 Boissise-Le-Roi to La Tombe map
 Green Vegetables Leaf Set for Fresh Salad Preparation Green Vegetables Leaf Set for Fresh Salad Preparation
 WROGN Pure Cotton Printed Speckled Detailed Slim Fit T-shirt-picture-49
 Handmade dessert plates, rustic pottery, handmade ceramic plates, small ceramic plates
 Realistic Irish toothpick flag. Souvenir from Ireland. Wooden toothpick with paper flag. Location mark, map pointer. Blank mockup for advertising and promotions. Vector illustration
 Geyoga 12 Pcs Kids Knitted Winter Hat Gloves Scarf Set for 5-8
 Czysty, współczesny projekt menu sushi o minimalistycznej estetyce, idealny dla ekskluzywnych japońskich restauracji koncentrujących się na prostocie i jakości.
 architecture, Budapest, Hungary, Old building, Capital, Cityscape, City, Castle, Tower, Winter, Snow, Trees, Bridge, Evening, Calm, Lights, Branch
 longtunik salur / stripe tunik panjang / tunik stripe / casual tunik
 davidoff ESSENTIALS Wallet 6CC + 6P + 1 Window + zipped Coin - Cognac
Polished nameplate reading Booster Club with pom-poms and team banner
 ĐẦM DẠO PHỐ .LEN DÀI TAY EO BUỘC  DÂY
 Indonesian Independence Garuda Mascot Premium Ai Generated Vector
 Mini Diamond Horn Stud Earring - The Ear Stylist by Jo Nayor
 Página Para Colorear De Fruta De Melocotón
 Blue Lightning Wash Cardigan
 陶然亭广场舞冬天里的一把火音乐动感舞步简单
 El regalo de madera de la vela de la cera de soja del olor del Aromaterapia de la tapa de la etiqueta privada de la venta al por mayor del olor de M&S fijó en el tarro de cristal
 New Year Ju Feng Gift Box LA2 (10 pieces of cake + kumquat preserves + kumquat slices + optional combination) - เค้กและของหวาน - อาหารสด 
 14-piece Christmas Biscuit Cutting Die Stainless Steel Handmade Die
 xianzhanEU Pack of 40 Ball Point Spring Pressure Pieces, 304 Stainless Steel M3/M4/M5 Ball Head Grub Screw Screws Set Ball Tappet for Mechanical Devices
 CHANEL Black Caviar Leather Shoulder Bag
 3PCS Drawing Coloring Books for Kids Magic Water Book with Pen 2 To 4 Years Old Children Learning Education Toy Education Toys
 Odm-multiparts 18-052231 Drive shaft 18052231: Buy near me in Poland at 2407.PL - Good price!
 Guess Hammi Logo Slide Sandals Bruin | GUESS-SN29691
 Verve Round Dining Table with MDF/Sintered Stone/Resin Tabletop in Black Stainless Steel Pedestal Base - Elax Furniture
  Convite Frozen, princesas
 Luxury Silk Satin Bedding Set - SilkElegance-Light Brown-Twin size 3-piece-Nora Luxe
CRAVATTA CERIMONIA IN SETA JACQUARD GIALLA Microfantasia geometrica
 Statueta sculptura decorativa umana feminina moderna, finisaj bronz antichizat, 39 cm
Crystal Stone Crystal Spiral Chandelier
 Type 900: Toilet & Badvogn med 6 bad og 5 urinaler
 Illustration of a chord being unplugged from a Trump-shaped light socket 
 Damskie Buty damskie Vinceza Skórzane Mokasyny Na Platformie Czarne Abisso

• [Required action] Output all of the material exactly as written.

• [Reply]
 Boissise-Le-Roi to La Tombe map
 Green Vegetables Leaf Set for Fresh Salad Preparation Green Vegetables Leaf Set for Fresh Salad Preparation
 WROGN Pure Cotton Printed Speckled Detailed Slim Fit T-shirt-picture-49
 Handmade dessert plates, rustic pottery, handmade ceramic plates, small ceramic plates
 Realistic Irish toothpick flag. Souvenir from Ireland. Wooden toothpick with paper flag. Location mark, map pointer. Blank mockup for advertising and promotions. Vector illustration
 Geyoga 12 Pcs Kids Knitted Winter Hat Gloves Scarf Set for 5-8
 Czysty, współczesny projekt menu sushi o minimalistycznej estetyce, idealny dla ekskluzywnych japońskich restauracji koncentrujących się na prostocie i jakości.
 architecture, Budapest, Hungary, Old building, Capital, Cityscape, City, Castle, Tower, Winter, Snow, Trees, Bridge, Evening, Calm, Lights, Branch
 longtunik salur / stripe tunik panjang / tunik stripe / casual tunik
 davidoff ESSENTIALS Wallet 6CC + 6P + 1 Window + zipped Coin - Cognac
Polished nameplate reading Booster Club with pom-poms and team banner
 ĐẦM DẠO PHỐ .LEN DÀI TAY EO BUỘC  DÂY
 Indonesian Independence Garuda Mascot Premium Ai Generated Vector
 Mini Diamond Horn Stud Earring - The Ear Stylist by Jo Nayor
 Página Para Colorear De Fruta De Melocotón
 Blue Lightning Wash Cardigan
 陶然亭广场舞冬天里的一把火音乐动感舞步简单
 El regalo de madera de la vela de la cera de soja del olor del Aromaterapia de la tapa de la etiqueta privada de la venta al por mayor del olor de M&S fijó en el tarro de cristal
 New Year Ju Feng Gift Box LA2 (10 pieces of cake + kumquat preserves + kumquat slices + optional combination) - เค้กและของหวาน - อาหารสด 
 14-piece Christmas Biscuit Cutting Die Stainless Steel Handmade Die
 xianzhanEU Pack of 40 Ball Point Spring Pressure Pieces, 304 Stainless Steel M3/M4/M5 Ball Head Grub Screw Screws Set Ball Tappet for Mechanical Devices
 CHANEL Black Caviar Leather Shoulder Bag
 3PCS Drawing Coloring Books for Kids Magic Water Book with Pen 2 To 4 Years Old Children Learning Education Toy Education Toys
 Odm-multiparts 18-052231 Drive shaft 18052231: Buy near me in Poland at 2407.PL - Good price!
 Guess Hammi Logo Slide Sandals Bruin | GUESS-SN29691
 Verve Round Dining Table with MDF/Sintered Stone/Resin Tabletop in Black Stainless Steel Pedestal Base - Elax Furniture
  Convite Frozen, princesas
 Luxury Silk Satin Bedding Set - SilkElegance-Light Brown-Twin size 3-piece-Nora Luxe
CRAVATTA CERIMONIA IN SETA JACQUARD GIALLA Microfantasia geometrica
 Statueta sculptura decorativa umana feminina moderna, finisaj bronz antichizat, 39 cm
Crystal Stone Crystal Spiral Chandelier
 Type 900: Toilet & Badvogn med 6 bad og 5 urinaler
 Illustration of a chord being unplugged from a Trump-shaped light socket 
 Damskie Buty damskie Vinceza Skórzane Mokasyny Na Platformie Czarne Abisso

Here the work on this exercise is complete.